A simple way to avoid race conditions and Undefined Behavior (UB) when accessing shared memory for read-writes from multiple threads is to use mutexes.
However this is not the only way. An alternative is to use the properties of atomic instructions provided by your computer architecture.
In this post I will cover the important aspects of lock-free
programming.
A very good source I have used to summarize the theory on this topic is
C++ Concurrency in Action [1].
All data in a C++ program is made up of objects - a region of
storage, which could hold scalar values such as chars, ints or composite
structures such as mystruct*
.
int scalar;
struct mystruct {
int x;
int y: 16;
int z: 16;
};
Usually each object will occupy at least one memory location.
Variables of fundamental types such as int
and
char
occupy exactly one memory location.

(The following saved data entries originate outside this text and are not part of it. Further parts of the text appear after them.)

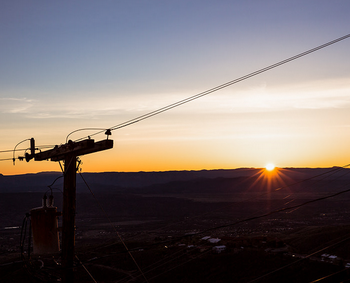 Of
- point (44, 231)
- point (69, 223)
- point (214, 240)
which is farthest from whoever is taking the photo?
point (214, 240)

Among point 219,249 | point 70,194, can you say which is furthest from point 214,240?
point 70,194

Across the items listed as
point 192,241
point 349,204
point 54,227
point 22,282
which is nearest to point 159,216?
point 349,204

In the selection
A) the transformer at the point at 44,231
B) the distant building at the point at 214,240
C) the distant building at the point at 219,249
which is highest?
the transformer at the point at 44,231

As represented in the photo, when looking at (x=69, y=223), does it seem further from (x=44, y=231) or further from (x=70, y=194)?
(x=44, y=231)

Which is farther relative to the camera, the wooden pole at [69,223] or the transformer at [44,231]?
the transformer at [44,231]

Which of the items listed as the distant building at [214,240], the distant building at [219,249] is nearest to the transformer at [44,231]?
the distant building at [219,249]

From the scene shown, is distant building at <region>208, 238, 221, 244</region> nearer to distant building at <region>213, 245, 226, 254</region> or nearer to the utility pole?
distant building at <region>213, 245, 226, 254</region>

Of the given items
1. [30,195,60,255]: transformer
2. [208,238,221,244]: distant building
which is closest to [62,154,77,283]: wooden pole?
[30,195,60,255]: transformer

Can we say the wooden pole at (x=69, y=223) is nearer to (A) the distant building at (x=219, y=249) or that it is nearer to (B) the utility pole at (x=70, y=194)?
(B) the utility pole at (x=70, y=194) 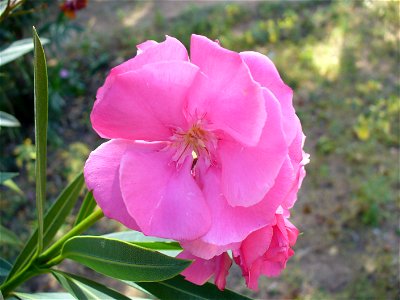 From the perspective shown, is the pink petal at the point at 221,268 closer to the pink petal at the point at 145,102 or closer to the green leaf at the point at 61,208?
the pink petal at the point at 145,102

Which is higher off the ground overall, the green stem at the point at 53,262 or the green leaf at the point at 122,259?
the green leaf at the point at 122,259

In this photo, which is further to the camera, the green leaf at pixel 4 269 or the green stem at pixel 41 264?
the green leaf at pixel 4 269

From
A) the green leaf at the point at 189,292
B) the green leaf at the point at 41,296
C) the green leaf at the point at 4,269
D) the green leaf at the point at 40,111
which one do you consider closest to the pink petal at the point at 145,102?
the green leaf at the point at 40,111

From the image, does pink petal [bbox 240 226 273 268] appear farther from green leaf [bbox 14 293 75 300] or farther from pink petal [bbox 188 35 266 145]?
green leaf [bbox 14 293 75 300]

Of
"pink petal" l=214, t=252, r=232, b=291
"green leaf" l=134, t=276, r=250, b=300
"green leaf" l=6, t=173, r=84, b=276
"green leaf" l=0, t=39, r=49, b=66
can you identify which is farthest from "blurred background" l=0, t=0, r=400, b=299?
"pink petal" l=214, t=252, r=232, b=291

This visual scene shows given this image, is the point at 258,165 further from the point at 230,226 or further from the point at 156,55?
the point at 156,55

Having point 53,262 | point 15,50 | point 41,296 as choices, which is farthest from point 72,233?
point 15,50
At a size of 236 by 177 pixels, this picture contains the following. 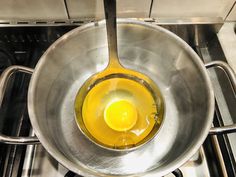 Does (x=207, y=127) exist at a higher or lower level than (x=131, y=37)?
lower

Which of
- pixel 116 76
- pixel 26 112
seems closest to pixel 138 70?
pixel 116 76

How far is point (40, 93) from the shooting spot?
0.42 m

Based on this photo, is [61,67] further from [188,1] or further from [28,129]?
[188,1]

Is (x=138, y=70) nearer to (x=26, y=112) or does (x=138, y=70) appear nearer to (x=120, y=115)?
(x=120, y=115)

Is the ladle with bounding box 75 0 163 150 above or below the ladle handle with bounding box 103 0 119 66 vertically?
below

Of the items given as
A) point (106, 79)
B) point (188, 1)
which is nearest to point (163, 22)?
point (188, 1)

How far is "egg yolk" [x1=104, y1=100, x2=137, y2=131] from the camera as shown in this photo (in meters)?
0.46

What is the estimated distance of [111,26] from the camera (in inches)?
16.4

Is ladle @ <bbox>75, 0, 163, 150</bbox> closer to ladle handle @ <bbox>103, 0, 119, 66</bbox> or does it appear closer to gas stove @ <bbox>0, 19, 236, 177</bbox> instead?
ladle handle @ <bbox>103, 0, 119, 66</bbox>

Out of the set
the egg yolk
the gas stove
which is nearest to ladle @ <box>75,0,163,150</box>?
the egg yolk

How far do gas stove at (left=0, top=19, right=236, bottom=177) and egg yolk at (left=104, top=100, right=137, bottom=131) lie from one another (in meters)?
0.11

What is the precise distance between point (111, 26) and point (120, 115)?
162 millimetres

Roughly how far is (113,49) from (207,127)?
0.66 ft

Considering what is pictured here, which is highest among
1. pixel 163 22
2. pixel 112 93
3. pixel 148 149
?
pixel 163 22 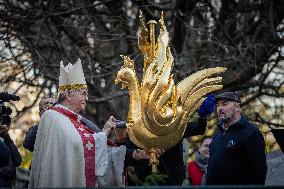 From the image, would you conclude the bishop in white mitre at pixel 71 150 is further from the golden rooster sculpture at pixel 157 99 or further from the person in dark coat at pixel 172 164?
the golden rooster sculpture at pixel 157 99

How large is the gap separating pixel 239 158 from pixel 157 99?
121 cm

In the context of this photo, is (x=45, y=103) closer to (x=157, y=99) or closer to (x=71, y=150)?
(x=71, y=150)

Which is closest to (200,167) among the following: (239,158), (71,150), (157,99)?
(239,158)

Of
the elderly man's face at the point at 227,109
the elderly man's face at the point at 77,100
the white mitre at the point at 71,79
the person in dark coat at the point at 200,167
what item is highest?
the white mitre at the point at 71,79

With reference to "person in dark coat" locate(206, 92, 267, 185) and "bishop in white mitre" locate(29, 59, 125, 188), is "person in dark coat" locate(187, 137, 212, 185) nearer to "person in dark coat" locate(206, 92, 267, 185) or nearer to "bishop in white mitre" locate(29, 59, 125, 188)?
"person in dark coat" locate(206, 92, 267, 185)

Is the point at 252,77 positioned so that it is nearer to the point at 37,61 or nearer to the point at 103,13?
the point at 103,13

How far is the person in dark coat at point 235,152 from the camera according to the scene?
8.32 metres

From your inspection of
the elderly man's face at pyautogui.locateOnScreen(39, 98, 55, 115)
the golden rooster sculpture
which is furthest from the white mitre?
the elderly man's face at pyautogui.locateOnScreen(39, 98, 55, 115)

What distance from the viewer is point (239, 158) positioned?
8.49 m

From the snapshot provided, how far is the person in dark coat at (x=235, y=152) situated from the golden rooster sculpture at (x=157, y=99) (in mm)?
Answer: 626

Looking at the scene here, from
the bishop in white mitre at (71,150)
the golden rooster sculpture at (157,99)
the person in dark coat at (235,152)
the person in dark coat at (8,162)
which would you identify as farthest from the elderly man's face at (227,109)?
the person in dark coat at (8,162)

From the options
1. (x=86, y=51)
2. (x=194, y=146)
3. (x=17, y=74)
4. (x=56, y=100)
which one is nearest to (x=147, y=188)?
(x=56, y=100)

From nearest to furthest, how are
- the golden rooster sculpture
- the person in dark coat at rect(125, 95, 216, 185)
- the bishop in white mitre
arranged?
the golden rooster sculpture
the bishop in white mitre
the person in dark coat at rect(125, 95, 216, 185)

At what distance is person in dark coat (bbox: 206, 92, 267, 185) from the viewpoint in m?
8.32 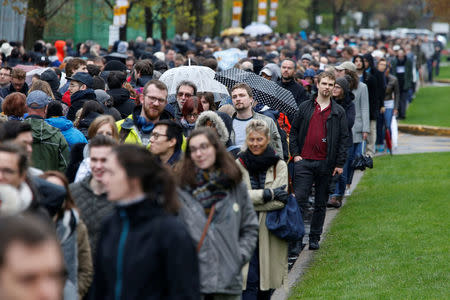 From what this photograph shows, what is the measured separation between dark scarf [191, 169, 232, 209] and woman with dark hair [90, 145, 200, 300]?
50.5 inches

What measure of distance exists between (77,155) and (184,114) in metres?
2.06

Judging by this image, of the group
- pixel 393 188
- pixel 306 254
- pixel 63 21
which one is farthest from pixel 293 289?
pixel 63 21

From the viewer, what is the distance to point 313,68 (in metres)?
17.6

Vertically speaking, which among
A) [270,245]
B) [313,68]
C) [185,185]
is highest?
[313,68]

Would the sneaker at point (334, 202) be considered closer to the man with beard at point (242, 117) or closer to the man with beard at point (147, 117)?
the man with beard at point (242, 117)

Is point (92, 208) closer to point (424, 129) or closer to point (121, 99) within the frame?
point (121, 99)

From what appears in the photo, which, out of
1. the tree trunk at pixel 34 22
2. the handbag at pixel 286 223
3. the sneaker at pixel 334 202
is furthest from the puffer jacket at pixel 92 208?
the tree trunk at pixel 34 22

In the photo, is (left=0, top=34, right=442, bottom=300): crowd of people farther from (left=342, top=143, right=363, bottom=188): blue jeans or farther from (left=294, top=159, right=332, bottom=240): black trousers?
(left=342, top=143, right=363, bottom=188): blue jeans

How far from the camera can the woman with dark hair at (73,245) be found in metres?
5.20

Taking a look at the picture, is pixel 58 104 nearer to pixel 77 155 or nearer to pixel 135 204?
pixel 77 155

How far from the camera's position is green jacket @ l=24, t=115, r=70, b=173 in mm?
8180

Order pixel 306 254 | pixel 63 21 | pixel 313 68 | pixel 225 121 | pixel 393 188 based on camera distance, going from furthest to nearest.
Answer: pixel 63 21 → pixel 313 68 → pixel 393 188 → pixel 306 254 → pixel 225 121

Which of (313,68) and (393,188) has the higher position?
(313,68)

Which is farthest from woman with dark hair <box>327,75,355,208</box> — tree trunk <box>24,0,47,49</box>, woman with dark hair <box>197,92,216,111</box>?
tree trunk <box>24,0,47,49</box> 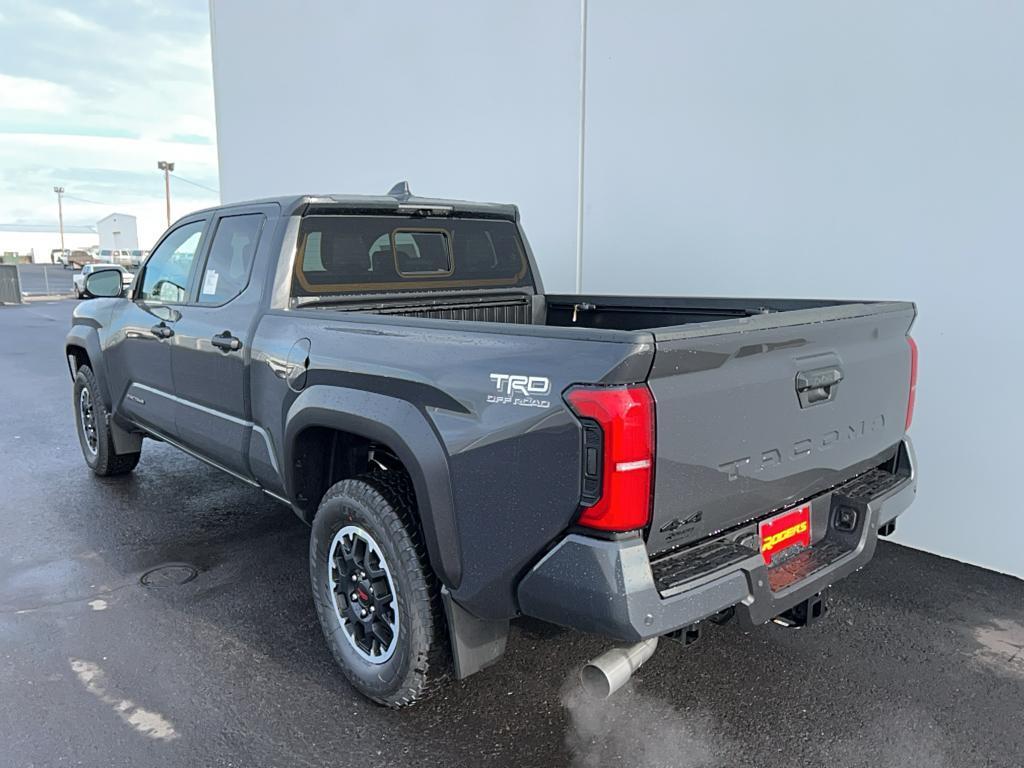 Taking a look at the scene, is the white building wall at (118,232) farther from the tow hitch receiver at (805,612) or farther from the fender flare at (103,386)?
the tow hitch receiver at (805,612)

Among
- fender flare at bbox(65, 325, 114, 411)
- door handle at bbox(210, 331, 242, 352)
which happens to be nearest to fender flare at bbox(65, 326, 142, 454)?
fender flare at bbox(65, 325, 114, 411)

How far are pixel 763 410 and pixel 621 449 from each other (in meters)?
0.60

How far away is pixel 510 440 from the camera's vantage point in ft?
7.45

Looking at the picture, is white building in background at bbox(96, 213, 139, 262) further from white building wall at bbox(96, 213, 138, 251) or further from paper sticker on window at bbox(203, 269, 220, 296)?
paper sticker on window at bbox(203, 269, 220, 296)

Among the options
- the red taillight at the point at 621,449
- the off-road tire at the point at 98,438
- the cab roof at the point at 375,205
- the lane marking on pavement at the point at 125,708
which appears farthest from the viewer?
the off-road tire at the point at 98,438

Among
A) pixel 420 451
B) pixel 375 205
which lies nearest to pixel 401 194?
pixel 375 205

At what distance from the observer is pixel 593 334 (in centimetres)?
211

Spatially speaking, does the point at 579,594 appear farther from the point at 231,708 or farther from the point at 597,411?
the point at 231,708

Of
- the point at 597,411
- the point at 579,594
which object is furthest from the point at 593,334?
the point at 579,594

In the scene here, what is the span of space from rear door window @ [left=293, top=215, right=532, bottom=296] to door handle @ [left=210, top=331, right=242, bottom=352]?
38 centimetres

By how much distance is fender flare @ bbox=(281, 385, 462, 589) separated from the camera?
2.49m

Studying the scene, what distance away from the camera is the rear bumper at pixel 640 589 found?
2096 mm

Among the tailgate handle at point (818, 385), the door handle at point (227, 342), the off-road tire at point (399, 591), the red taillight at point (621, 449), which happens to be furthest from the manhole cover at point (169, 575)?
the tailgate handle at point (818, 385)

In this example
variables y
and z
are adjacent bitfields and
will share the same integer
location and the total size of
the struct will be 64 bytes.
This part is crucial for multithreaded apps in C++: everything hinges
on those memory locations. There cannot be race conditions when two
threads access separate memory locations.
Moreover, even if the same memory location is accessed read-only from
multiple threads - no synchronization or protection is needed.
When at least one of the threads is modifying the data - there is a
potential for a race condition.
To avoid this - an enforced ordering between accesses in the two threads
is needed.
One way to enforce ordering is to use mutexes. Another - atomic
operations either on the same or other memory locations.
Every object in a C++ program has a modification order composed of all
the writes to that object from all threads, starting with the object’s
initialization.
For non-atomic types a programmer is responsible for making certain
that there’s sufficient synchronization to ensure threads agree on the
modification order of each variable.
If different threads see distinct sequences of values for a single
variable, you have a data race and
UB.
std::atomic<>
class template defines atomic types
for scalar types on the current platform. On most popular platforms it’s
expected that the atomic variants of all the built-in types are
lock-free, but it isn’t guaranteed.
Use std::atomic<T>::is_always_lock_free
to check if
the current platform provides the necessary instructions.
The operations on the atomic types are load()
,
store()
, compare_exchange_strong()
,
compare_exchange_weak()
.
Each of this operations has an optional memory-ordering argument.
For store operations: memory_order_relaxed
,
memory_order_release
,
memory_order_seq_cst
.
For load operations: memory_order_seq_cst
,
memory_order_acquire
,
memory_order_seq_cst
.
For read-modify-write operations: memory_order_relaxed
,
memory_order_acquire
, memory_order_release
,
memory_order_acq_rel
,
memory_order_seq_cst
.
Compare-exchange operation is the cornerstone of programming with
atomic types. The are two flavours:
std::atomic<T>::compare_exchange_strong
and
std::atomic<T>::compare_exchange_weak
.
It compares the value of an atomic variable with a supplied expected
value and stores the supplied desired value if they are equal [2].
If the values aren’t equal, the expected value is updated with the value
of the atomic variable.
When store was performed the compare_exchange function returns
true
.
The weak
version might not succeed even if the expected
value was seen. This spurios failure can happen on machines lacking a
single compare-and-exchange instruction.
The compare-exchange functions can take two memory ordering parameters:
success - the memory synchronization ordering for the read-modify-write
operation if the comparison succeeds; failure - the memory sync ordering
for the load operation if the comparison fails.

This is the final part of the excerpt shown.